When the A Line, then known as the Blue Line, first opened in 1990, the line had 54 Nippon Sharyo P865 light rail vehicles, numbered 100–153. These cars wore a unique livery of several blue stripes and a single red stripe, reflecting the Blue Line's color designation and its Pacific Electric Red Car heritage.

In 2000, Metro transferred all 15 Nippon Sharyo P2020 (numbered 154-168) light rail vehicles from the Green Line (now the C Line) to the Blue Line fleet. These light rail vehicles were nearly identical to the older P865 model but were about five years newer and originally had equipment for automatic train operation.

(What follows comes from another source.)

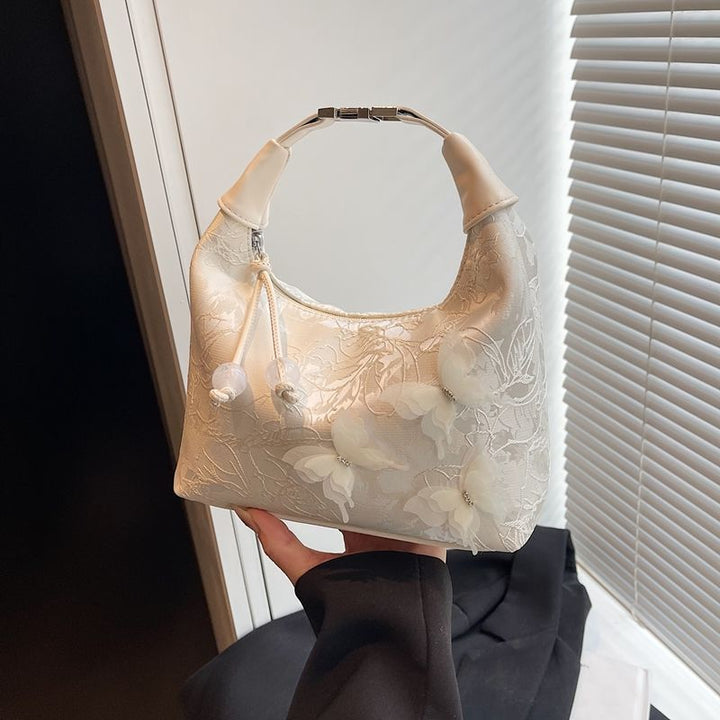 Floral Embellished Hobo Bag Bowlift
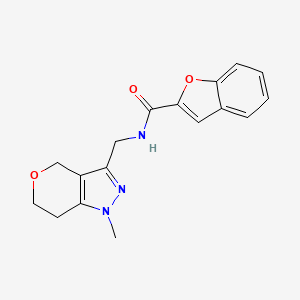 molecular formula C17H17N3O3 B2582392 N-((1-甲基-1,4,6,7-四氢吡喃并[4,3-c]吡唑-3-基)甲基)苯并呋喃-2-甲酰胺 CAS No. 1796966-59-0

In 2012, Metro transferred some Siemens P2000 light rail vehicles from the Gold Line to the A (then Blue) Line fleet. These vehicles were used before their refurbishment. As of 2023, some are currently being tested on the A Line, and they made a rocky return to the A Line in late 2024.

In 2017, the Blue Line received 78 Kinki Sharyo P3010 light rail vehicles, the first new cars for the line since it opened in 1990. As the P3010 fleet was introduced, Metro gradually retired all of the remaining P865 light rail vehicles, followed by the P2020 fleet.

In 2023, the AnsaldoBreda P2550 light rail vehicles began service on the A Line. The P2550 trains were tested on the Blue Line in 2009, but were instead assigned to the Gold Line due to weight restrictions.